What to work on
In the entries below, find the line with "Electroplated Freshwater Pearl" and print exactly every line from there up to and including the line with "ABOOFAN Usb Electric", with no other lines.

Data in this exercise
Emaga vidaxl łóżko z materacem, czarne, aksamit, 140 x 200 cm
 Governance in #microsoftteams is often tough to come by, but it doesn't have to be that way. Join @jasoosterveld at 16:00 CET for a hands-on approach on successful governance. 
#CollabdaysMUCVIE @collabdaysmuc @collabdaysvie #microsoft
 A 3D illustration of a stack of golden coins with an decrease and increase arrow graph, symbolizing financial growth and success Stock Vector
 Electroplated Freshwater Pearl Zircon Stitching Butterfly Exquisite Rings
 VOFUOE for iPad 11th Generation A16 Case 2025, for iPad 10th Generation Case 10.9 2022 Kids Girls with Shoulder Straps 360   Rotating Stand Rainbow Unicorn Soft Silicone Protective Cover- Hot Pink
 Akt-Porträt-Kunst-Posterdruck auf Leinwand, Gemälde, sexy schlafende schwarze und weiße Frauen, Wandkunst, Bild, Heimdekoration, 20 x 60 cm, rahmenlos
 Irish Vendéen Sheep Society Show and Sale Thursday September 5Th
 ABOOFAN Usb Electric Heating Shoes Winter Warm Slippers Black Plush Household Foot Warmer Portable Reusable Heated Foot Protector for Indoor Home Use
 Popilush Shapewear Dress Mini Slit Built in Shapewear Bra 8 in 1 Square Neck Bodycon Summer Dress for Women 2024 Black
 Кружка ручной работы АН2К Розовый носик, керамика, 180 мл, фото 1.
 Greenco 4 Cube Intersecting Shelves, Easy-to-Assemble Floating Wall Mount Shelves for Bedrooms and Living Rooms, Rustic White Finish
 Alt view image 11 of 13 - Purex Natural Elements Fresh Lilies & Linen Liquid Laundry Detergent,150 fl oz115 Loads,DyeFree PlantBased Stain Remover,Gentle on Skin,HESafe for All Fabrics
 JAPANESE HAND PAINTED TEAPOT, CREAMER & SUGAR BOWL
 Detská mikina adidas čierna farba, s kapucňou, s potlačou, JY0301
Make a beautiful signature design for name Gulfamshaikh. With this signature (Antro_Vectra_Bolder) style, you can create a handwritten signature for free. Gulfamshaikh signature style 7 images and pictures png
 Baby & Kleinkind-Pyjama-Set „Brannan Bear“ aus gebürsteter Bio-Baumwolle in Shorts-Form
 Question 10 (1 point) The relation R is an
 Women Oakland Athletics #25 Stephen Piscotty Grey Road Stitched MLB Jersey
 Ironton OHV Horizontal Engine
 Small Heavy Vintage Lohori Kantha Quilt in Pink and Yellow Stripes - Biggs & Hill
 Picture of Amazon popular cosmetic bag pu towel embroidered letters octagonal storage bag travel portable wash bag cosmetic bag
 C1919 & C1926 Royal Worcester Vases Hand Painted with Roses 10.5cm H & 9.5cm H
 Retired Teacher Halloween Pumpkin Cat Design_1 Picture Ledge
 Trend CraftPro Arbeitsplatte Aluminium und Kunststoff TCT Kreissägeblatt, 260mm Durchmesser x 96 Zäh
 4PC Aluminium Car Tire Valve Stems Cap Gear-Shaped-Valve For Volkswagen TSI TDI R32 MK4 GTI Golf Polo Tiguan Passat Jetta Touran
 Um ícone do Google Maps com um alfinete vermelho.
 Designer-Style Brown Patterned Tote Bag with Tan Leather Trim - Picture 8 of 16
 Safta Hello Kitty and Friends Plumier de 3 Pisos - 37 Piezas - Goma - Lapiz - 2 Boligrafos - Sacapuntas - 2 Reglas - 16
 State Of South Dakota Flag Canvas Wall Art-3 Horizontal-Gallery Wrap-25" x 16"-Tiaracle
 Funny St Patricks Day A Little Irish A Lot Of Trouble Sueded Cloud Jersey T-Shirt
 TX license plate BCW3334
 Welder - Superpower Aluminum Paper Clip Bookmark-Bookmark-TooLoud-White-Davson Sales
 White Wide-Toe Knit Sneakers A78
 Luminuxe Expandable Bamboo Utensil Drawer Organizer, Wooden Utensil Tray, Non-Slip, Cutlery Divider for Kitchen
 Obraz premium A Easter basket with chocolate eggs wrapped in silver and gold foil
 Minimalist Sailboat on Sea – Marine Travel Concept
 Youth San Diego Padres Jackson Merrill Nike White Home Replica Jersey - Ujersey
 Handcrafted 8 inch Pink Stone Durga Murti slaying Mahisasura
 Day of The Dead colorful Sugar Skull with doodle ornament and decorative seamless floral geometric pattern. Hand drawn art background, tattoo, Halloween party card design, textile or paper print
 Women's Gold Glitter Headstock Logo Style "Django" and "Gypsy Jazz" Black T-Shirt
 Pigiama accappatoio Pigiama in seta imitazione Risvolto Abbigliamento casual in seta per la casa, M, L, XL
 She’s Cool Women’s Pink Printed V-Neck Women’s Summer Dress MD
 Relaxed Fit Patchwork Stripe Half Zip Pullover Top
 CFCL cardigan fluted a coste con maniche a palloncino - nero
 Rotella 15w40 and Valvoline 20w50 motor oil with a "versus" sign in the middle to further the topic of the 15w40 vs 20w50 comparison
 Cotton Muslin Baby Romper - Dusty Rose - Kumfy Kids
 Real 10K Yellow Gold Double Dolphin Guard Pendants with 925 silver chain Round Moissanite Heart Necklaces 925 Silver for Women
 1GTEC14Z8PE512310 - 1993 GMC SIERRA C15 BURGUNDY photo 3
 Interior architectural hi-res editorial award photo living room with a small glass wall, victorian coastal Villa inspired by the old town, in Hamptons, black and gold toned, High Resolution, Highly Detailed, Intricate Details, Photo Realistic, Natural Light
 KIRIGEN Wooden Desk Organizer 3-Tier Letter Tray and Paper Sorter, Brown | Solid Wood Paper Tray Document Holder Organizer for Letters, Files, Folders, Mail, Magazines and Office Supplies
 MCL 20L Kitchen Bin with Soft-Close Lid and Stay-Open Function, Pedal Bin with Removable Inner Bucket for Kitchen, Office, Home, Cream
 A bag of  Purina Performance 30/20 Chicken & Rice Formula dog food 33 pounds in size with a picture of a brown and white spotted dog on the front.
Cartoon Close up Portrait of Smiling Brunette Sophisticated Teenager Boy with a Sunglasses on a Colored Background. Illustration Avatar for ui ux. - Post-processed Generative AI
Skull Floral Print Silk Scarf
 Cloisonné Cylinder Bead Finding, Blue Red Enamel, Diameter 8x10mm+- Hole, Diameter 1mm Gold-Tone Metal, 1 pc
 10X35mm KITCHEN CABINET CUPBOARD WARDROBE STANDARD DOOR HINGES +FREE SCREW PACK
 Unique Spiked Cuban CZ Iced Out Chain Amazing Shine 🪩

Your solution
 Electroplated Freshwater Pearl Zircon Stitching Butterfly Exquisite Rings
 VOFUOE for iPad 11th Generation A16 Case 2025, for iPad 10th Generation Case 10.9 2022 Kids Girls with Shoulder Straps 360   Rotating Stand Rainbow Unicorn Soft Silicone Protective Cover- Hot Pink
 Akt-Porträt-Kunst-Posterdruck auf Leinwand, Gemälde, sexy schlafende schwarze und weiße Frauen, Wandkunst, Bild, Heimdekoration, 20 x 60 cm, rahmenlos
 Irish Vendéen Sheep Society Show and Sale Thursday September 5Th
 ABOOFAN Usb Electric Heating Shoes Winter Warm Slippers Black Plush Household Foot Warmer Portable Reusable Heated Foot Protector for Indoor Home Use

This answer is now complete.